Locrian & Mamiffer ‘Bless Them That Curse You’ CD/LP 2012…and so we have the umpty-twelfth Locrian-related release of the year – a year not even half-way through, I might add – and once again, Messrs. Hannum, Foisy and Hess are working in collaboration with other like-minded parties, this time the lady and gentlemen of Mamiffer, and once again the results are stunning.

The Mamifferians – Faith Coloccia, Travis Rommeriem and Aaron Turner (yes, that Aaron Turner) – are also joined by ‘auxiliary instrumentalists’ Alex Barnett of Oakeater and Brian Cook of Russian Circles/These Arms Are Snakes/Botch.

What we have here, my fine-feathered friends, is a collective consciousness that is at one with its individual constituent parts. Everything and everyone is working in perfect harmony……although ‘harmony’ may not be quite the right word to use to describe the haunting sounds that are wrung from the æther during Bless Them That Curse You.

‘In Fulminic Blaze’ opens the gate, hollow, droning chants overshadowed by inhuman screams, slowly subsiding as delicately picked and dramatically accented guitar fills the void. Powerfully minimalist percussion drives the beast as it snowballs into a throbbing, pounding colossus, guitars strumming repetitively on top of that roiling thunder-crack rhythm.

The titular track itself coalesces from a nebulous muffled ululation that swells in volume, evolving harmonic overtones that themselves swell and expand into a shimmering drone with a bowed bass undertone stretched across what seems like infinity but is in fact only around six minutes. This is sound to get lost in.

The ghost of The Exorcist – no pun intended – haunts ‘Corpus Luteum’, containing, as it does in its intro section, fragments of Oldfield’s Tubular Bells, but this almost jaunty sound soon gives way to sinister baroque glissandos, nerve-jarring piano notes and a subtly howling echo that all help to evoke the taut, horrifying psychodrama of Friedkin’s 1973 work of terror and possession.

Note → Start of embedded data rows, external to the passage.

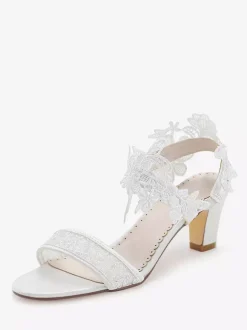 Ivory Wedding Shoes Lace Open Toe Chunky Heel Bridal Shoes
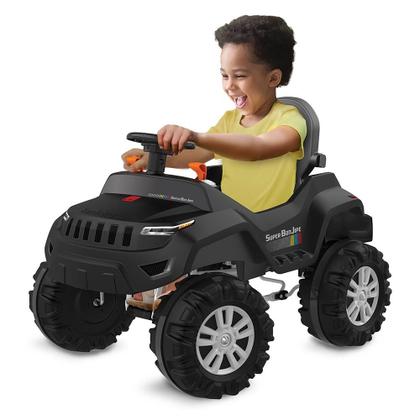 Imagem de Carrinho de Passeio Super Banjipe Reclinável com Capota Passeio e Pedal Preto Bandeirante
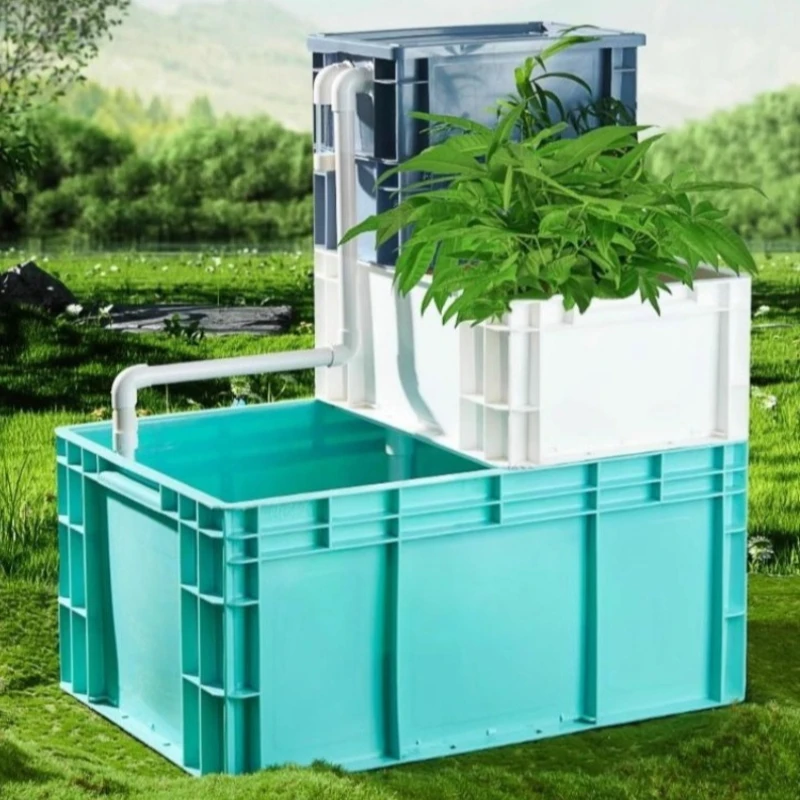 Turtle Turnover Box Large Multifunctional Turtles Filter Box Turtle Fish Plant Ecological Filters Box Turtles Filter System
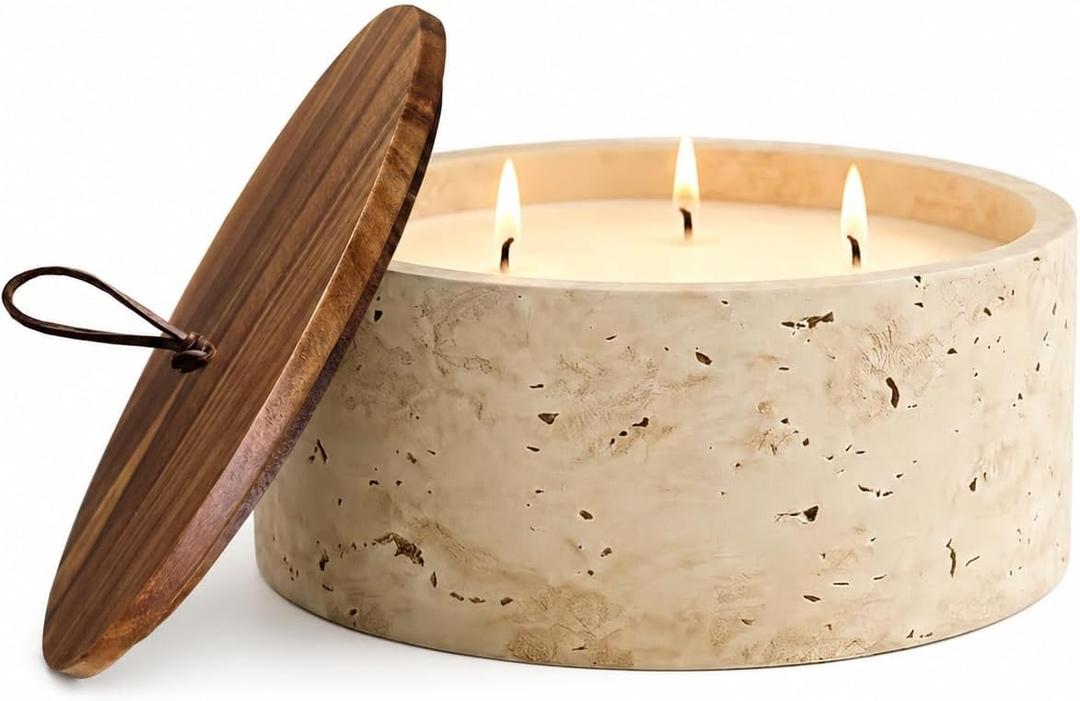 3-Wick Scented Candle-Sea Salt & Bergamot & Coconut,Soy Coconut Wax Blend Candle with Acacia Wood Lid,21oz Large Candle,45-Hour Long Burning,Aromatherapy Candle for Home Decor, Small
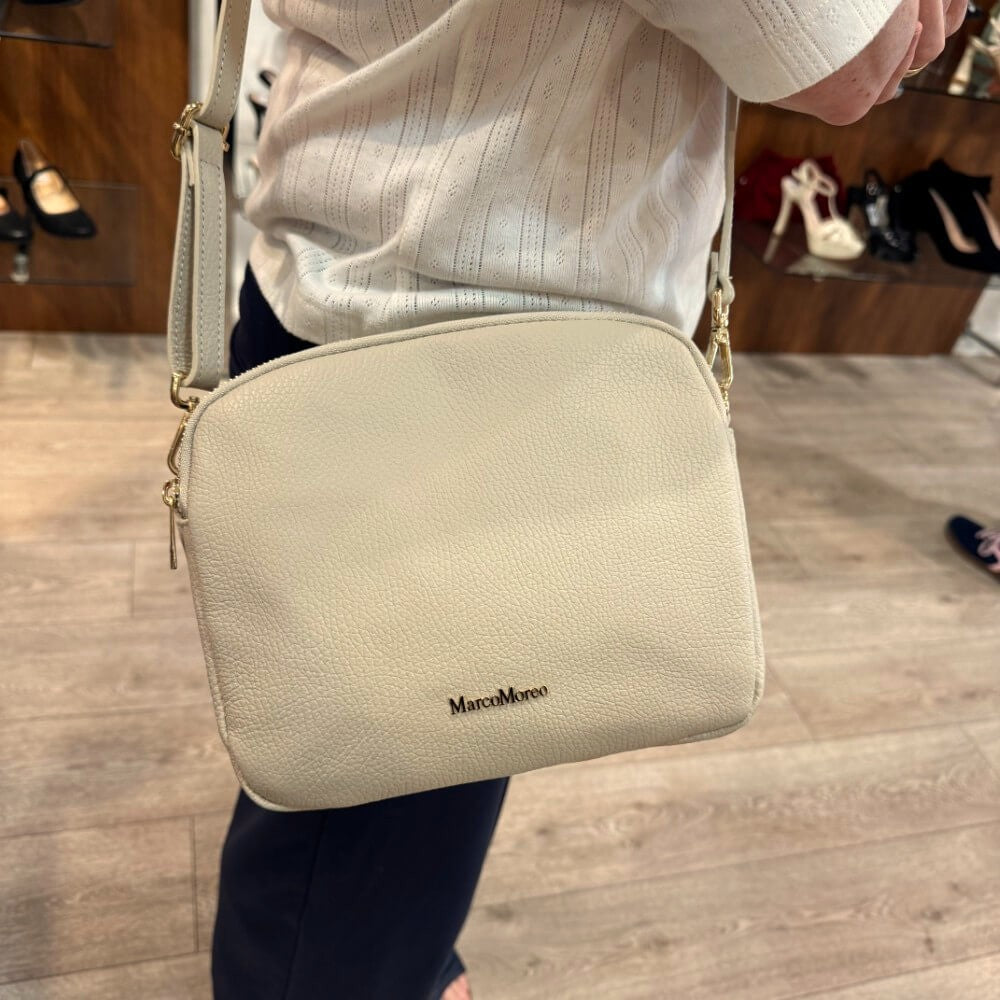 Marco Moreo Leather Shoulder Bag 1768-LATTE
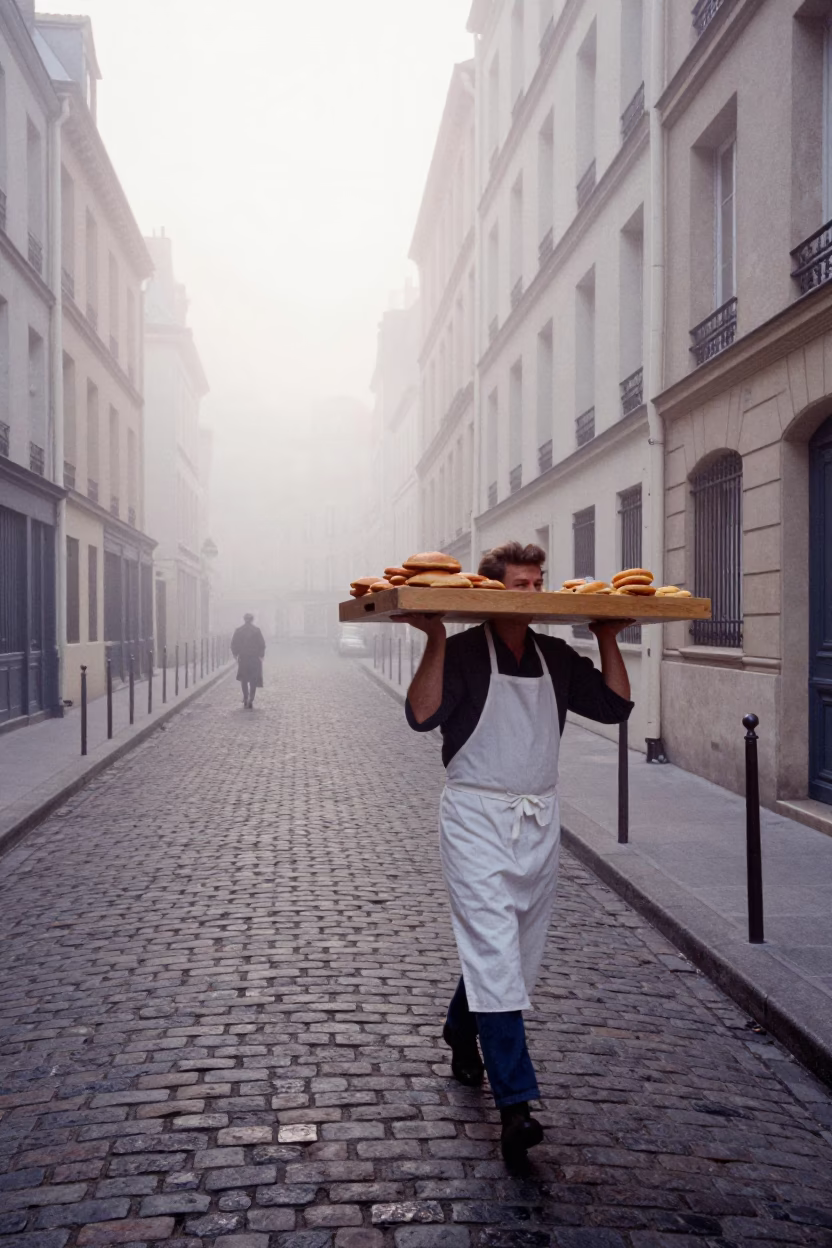 Paris Dawn Street at Dawn Light in in Paris, France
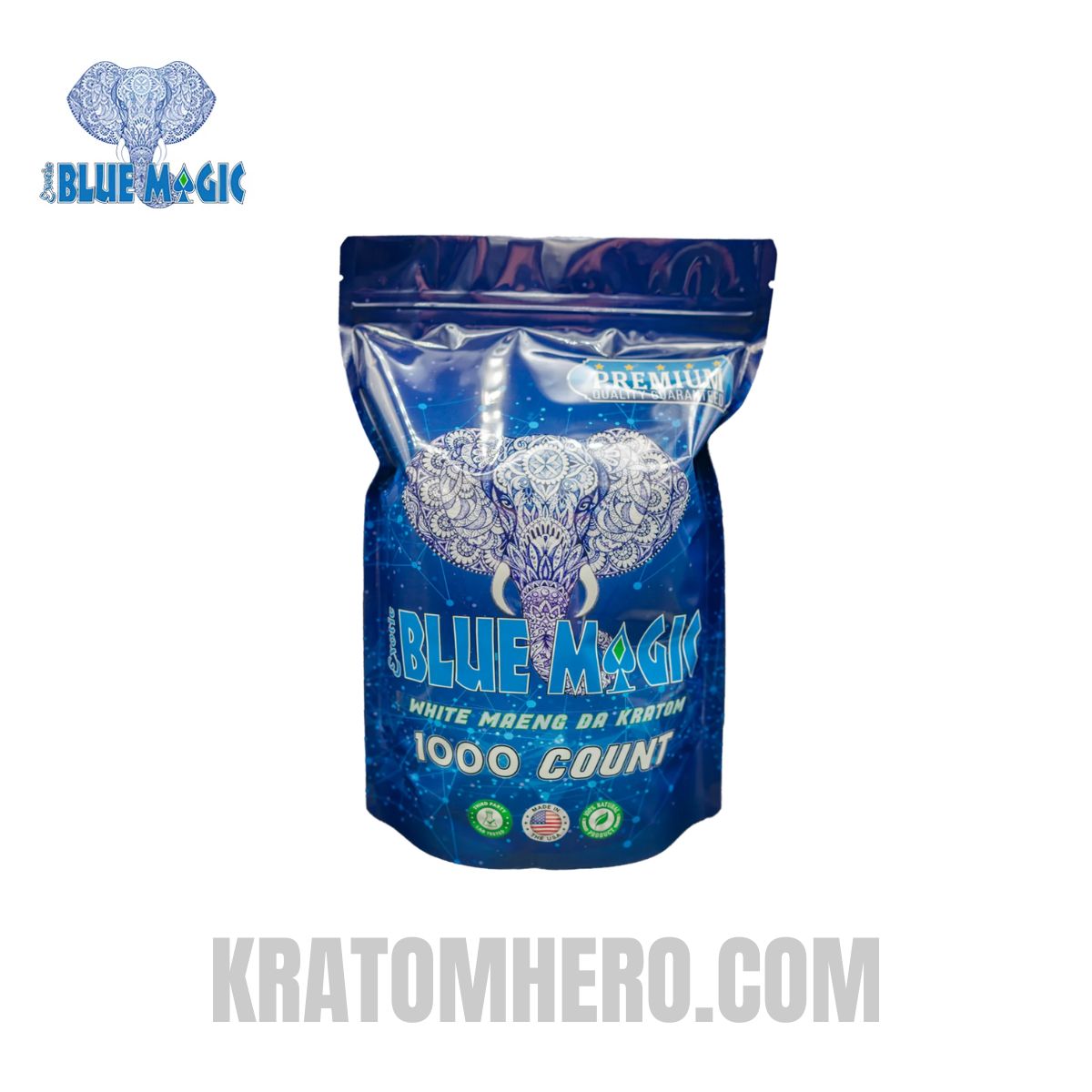 Blue Magic Kratom Capsules White Maenga Da - 1000Ct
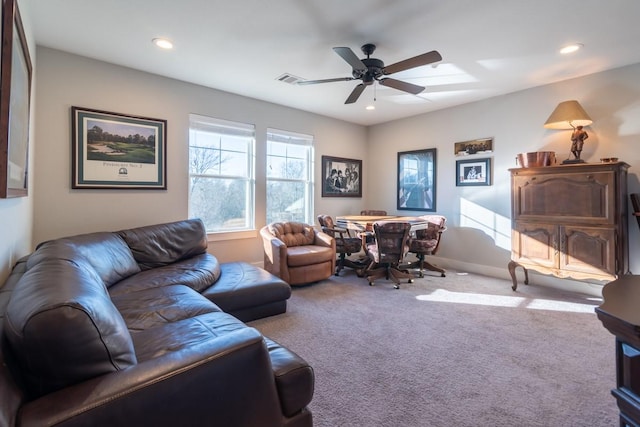 living room featuring carpet flooring, recessed lighting, and ceiling fan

The edginess and frayed nerves brought on by the previous track will find no surcease within the confines of the expansive sounds yet-perversely-claustrophobic feel of ‘Second Burial’. Highly reminiscent of a pared-down take on the unsettling atmosphere of the quieter parts of Neurosis’ track ‘Enemy Of The Sun’, warped and echoing metallic clangs drift across a soundscape composed of stretched and buried notes as odd scrapings and scratchings scuttle around the soundfield. Ominous synthesizer buzzes join the fray, further enhancing the creep-factor as sudden swells of noise assault the ears without warning. If the mood intended here was ‘creeping dread’ then the boys and girl of Locrian and Mamiffer have most certainly achieved their mandate.

‘ Lechatelierite’ – which is silica glass, naturally forming when quartz sand is hit by lightning, fact fans, a photograph of which is featured on the front cover of this very recording – is an astringent, minor-key piano piece, overlaid with what sounds like a rough recording of the sound of wind and rain on roofing or windows. Very simple and very effective.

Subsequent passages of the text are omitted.